» Exercise objective
Everything in the records below is to be reproduced exactly, apart from the images.

########

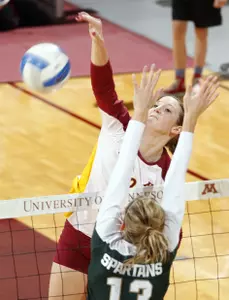 Ashley Wittman was named the Team MVP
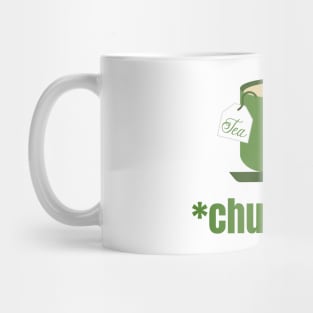 *Chugs Tea* Funny Tea Meme Mug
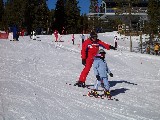 Rachel and her Ski Instructor (2004) Rachel and her Ski Instructor (2004)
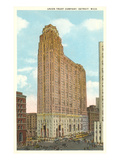 Union Trust Building, Detroit, Michigan Posters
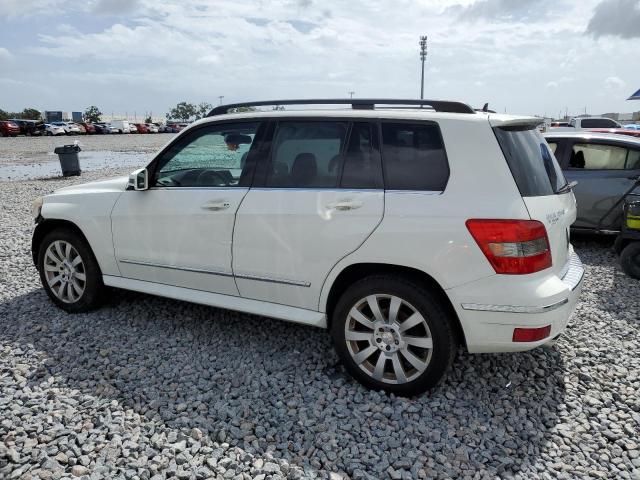 WDCGG5GB2AF487385 - 2010 MERCEDES-BENZ GLK 350 WHITE photo 2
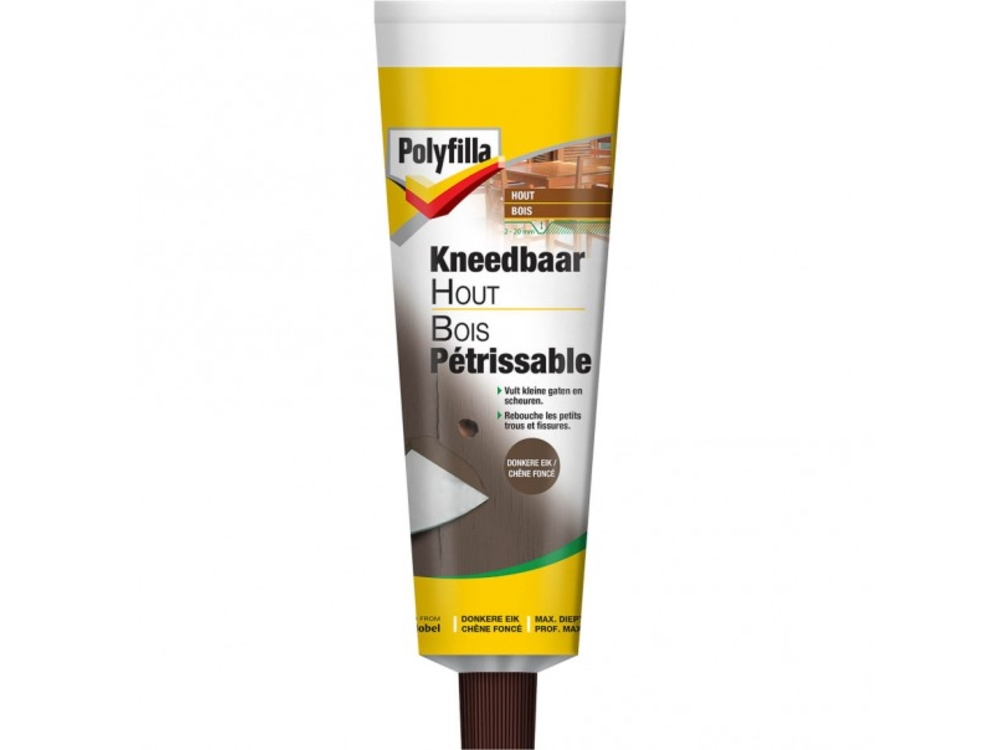 Pf Kneedbaarhout D.eik 75 g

########

» Reply to the exercise
 Ashley Wittman was named the Team MVP
 *Chugs Tea* Funny Tea Meme Mug
 Rachel and her Ski Instructor (2004) Rachel and her Ski Instructor (2004)
 Union Trust Building, Detroit, Michigan Posters
 WDCGG5GB2AF487385 - 2010 MERCEDES-BENZ GLK 350 WHITE photo 2
 Pf Kneedbaarhout D.eik 75 g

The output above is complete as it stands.